In [1]:
import numpy as np
# import brica
import gym

from skimage.transform import resize
import torch
import torch.nn as nn
import torch.nn.functional as F
import torch.optim as optim
from torch.autograd import Variable
from torch.distributions.normal import Normal
from torch.distributions.categorical import Categorical

In [2]:
# Function from https://github.com/ikostrikov/pytorch-a2c-ppo-acktr/blob/master/model.py
def initialize_parameters(m):
    classname = m.__class__.__name__
    if classname.find('Linear') != -1:
        m.weight.data.normal_(0, 1)
        m.weight.data *= 1 / torch.sqrt(m.weight.data.pow(2).sum(1, keepdim=True))
        if m.bias is not None:
            m.bias.data.fill_(0)

In [3]:
step_size = 100000
memory_size = 64
rollout_steps = 20
save_steps = 100
value_coeff = 0.5
entropy_coeff = 0.01
grad_norm_limit = 40
gamma = 0.99
lambd = 1.00
lr = 3e-4

In [4]:
class ACModel(nn.Module):
    '''
    Actor-Critic Model
    '''
    def __init__(self, action_num=2, memory_size=64, d_limit=0.5):
        super().__init__()

        self.memory_size = memory_size
        self.action_num = action_num

        # Define image embedding
        self.image_embedding_size = 2
        
        # Define memory
        self.memory_rnn = nn.GRUCell(self.image_embedding_size, self.memory_size)

       
        # Resize image embedding
        self.embedding_size = self.memory_size

        # Define actor's model
        self.actor = nn.Sequential(
            nn.Linear(self.embedding_size, 64),
            nn.Tanh(),
            nn.Linear(64, action_num),
        )
        self.actor_mu = nn.Sequential(
            nn.Linear(self.action_num, self.action_num),
            nn.Tanh()
        )
        self.actor_sigma = nn.Sequential(
            nn.Linear(self.action_num, self.action_num),
            nn.Softplus()
        )

        # Define critic's model
        self.critic = nn.Sequential(
            nn.Linear(self.embedding_size, 64),
            nn.Tanh(),
            nn.Linear(64, 1)
        )

        # Initialize parameters correctly
        self.apply(initialize_parameters)

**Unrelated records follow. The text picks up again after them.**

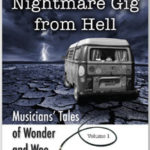 Another Nightmare Gig From Hell: Musicians’ Tales Of Wonder And Woe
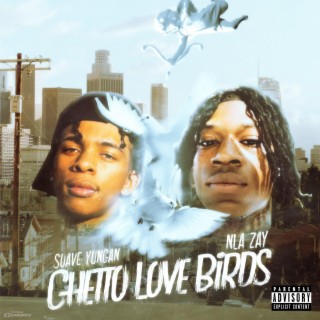 GHETTO LOVE BIRDS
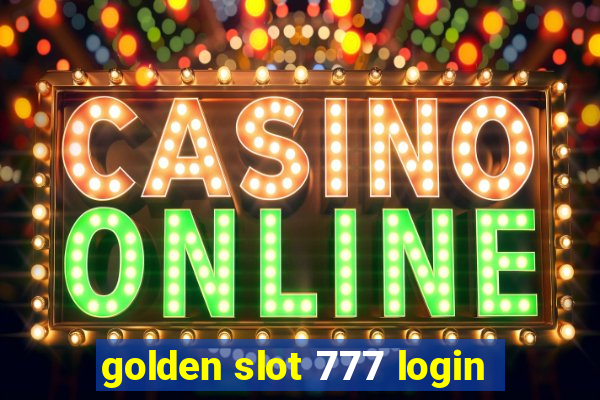 golden slot 777 login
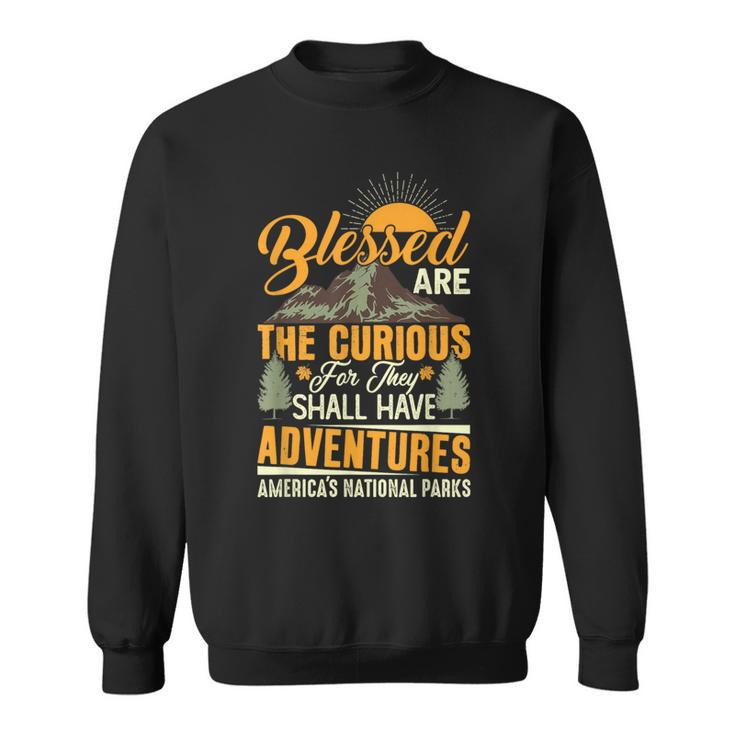 Blessed Are The Curious National Parks Sweatshirt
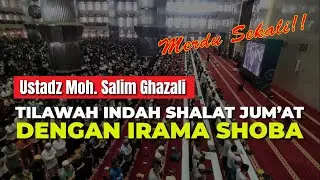 Tilawah Indah Ustadz Salim Ghazali Dengan irama Shoba Saat Shalat Jum'at: Merdu Sekali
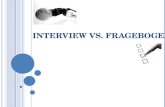 Interview vs. Fragebogen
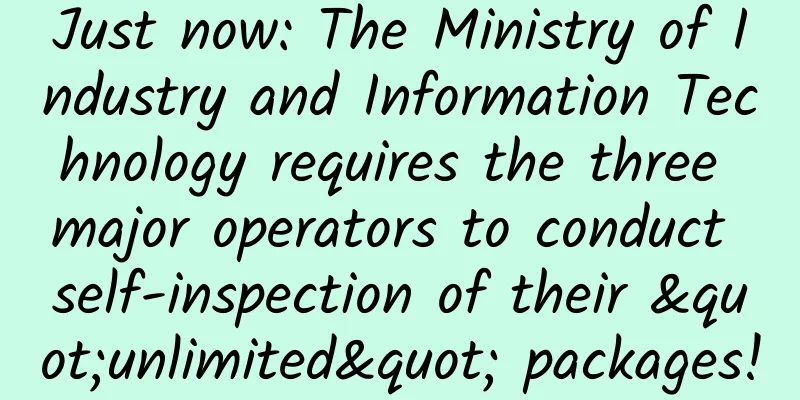 Just now: The Ministry of Industry and Information Technology requires the three major operators to conduct self-inspection of their "unlimited" packages!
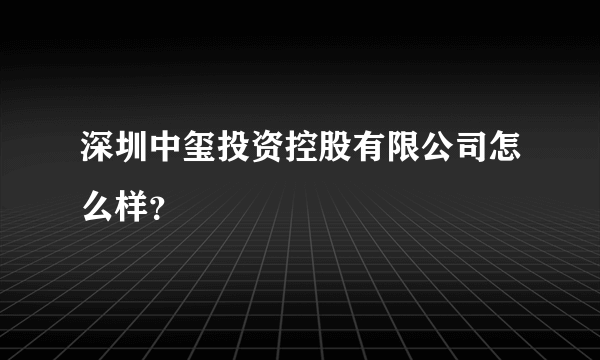 深圳中玺投资控股有限公司怎么样？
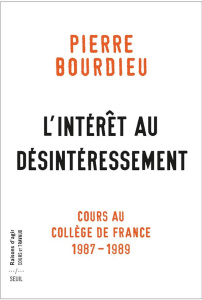L'Intérêt au désintéressement. Cours au Collège de France (1987-1989) - Bourdieu Pierre ; Duval Julien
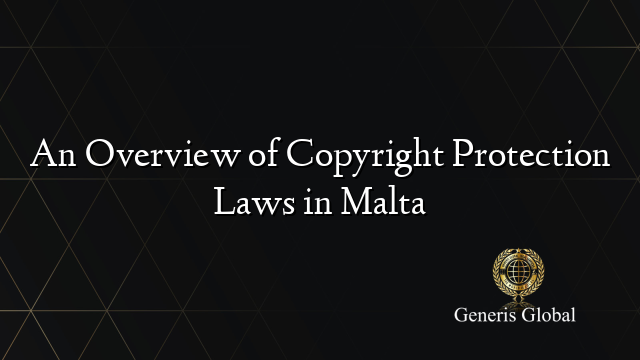 An Overview of Copyright Protection Laws in Malta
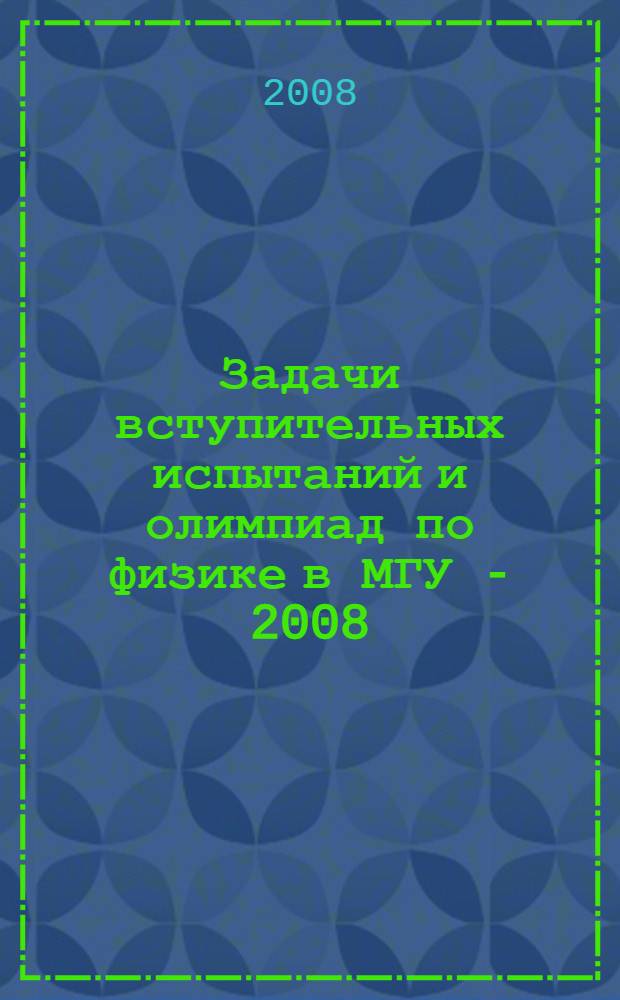 Задачи вступительных испытаний и олимпиад по физике в МГУ - 2008 (с подробными решениями) : Сб.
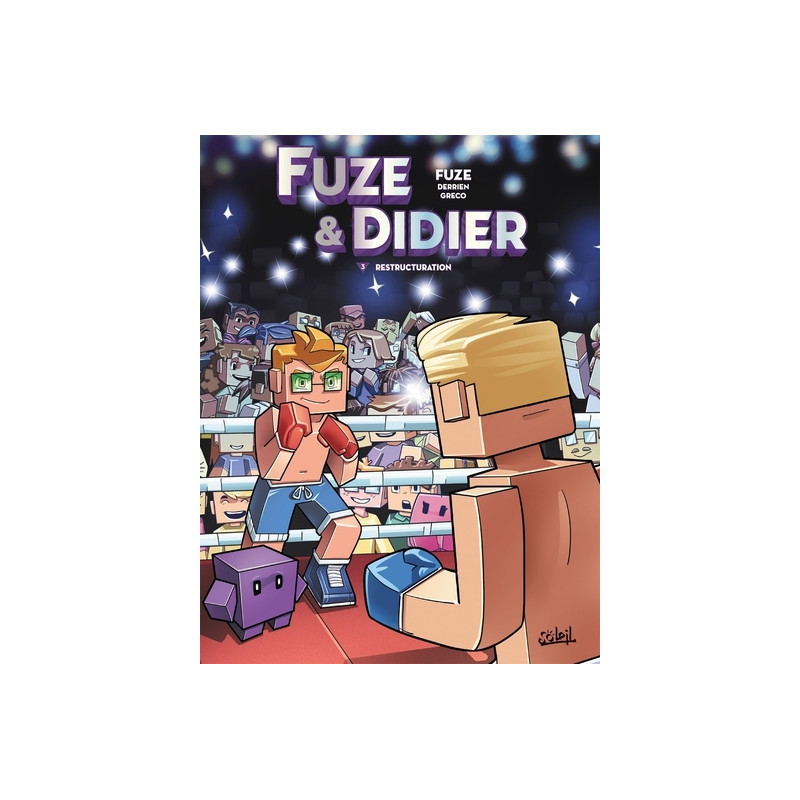 Fuze et Didier - Tome 03 Restructuration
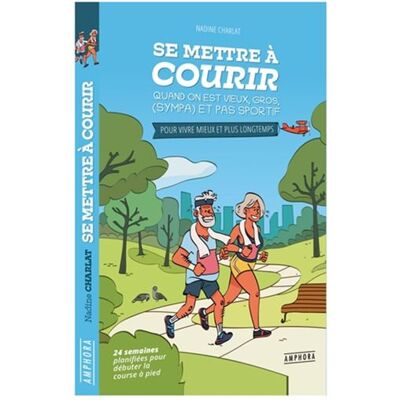 Amphora Se mettre à courir quand on est vieux, gros,(sympa) et pas sportif Amphora Se mettre à courir quand on est vieux, gros,(sympa) et pas sportif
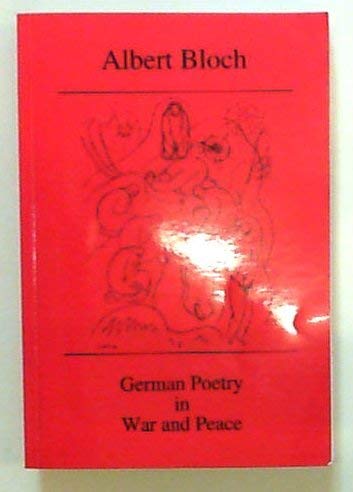 German Poetry in War and Peace: A Dual-Language Anthology.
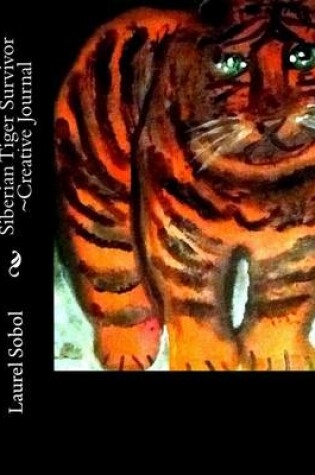 Cover of Siberian Tiger Survivor Creative Journal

    def forward(self, obs, memory):
        hidden = self.memory_rnn(obs, memory)
        embedding = hidden
        memory = hidden

        x = self.actor(embedding)
        mu = self.actor_mu(x)
        sigma = self.actor_sigma(x)
        dist_params = [mu, sigma]

        x = self.critic(embedding)
        value = x.squeeze(1)

        return dist_params, value, memory

In [5]:
class BG(object):
    def __init__(self, training=True, init_weight_path=None, use_cuda=False):
#         self.timing = brica.Timing(5, 1, 0)
        self.training = training
        self.total_steps = 0
        self.ep_rewards = [0.]
        self.cuda = use_cuda
        self.ac_model = ACModel()
        if init_weight_path is not None:
            self.ac_model.load_state_dict(torch.load(init_weight_path))
        self.optimizer = optim.Adam(self.ac_model.parameters(), lr=lr)
        if self.cuda: self.ac_model = self.ac_model.cuda()
        self.init_params()

    def __call__(self, inputs):
#         if 'from_environment' not in inputs:
#             raise Exception('BG did not recieve from Environment')
#         if 'from_pfc' not in inputs:
#             raise Exception('BG did not recieve from PFC')
#         if 'from_fef' not in inputs:
#             raise Exception('BG did not recieve from FEF')
        
        obs = inputs['from_fef']
        reward, done = inputs['from_environment']
        dones = [done]
        rewards = np.array([reward])

        # reset the LSTM state for done envs
        masks = (1. - torch.from_numpy(np.array(dones, dtype=np.float32).reshape(-1))).unsqueeze(1)
        if self.cuda: masks = masks.cuda()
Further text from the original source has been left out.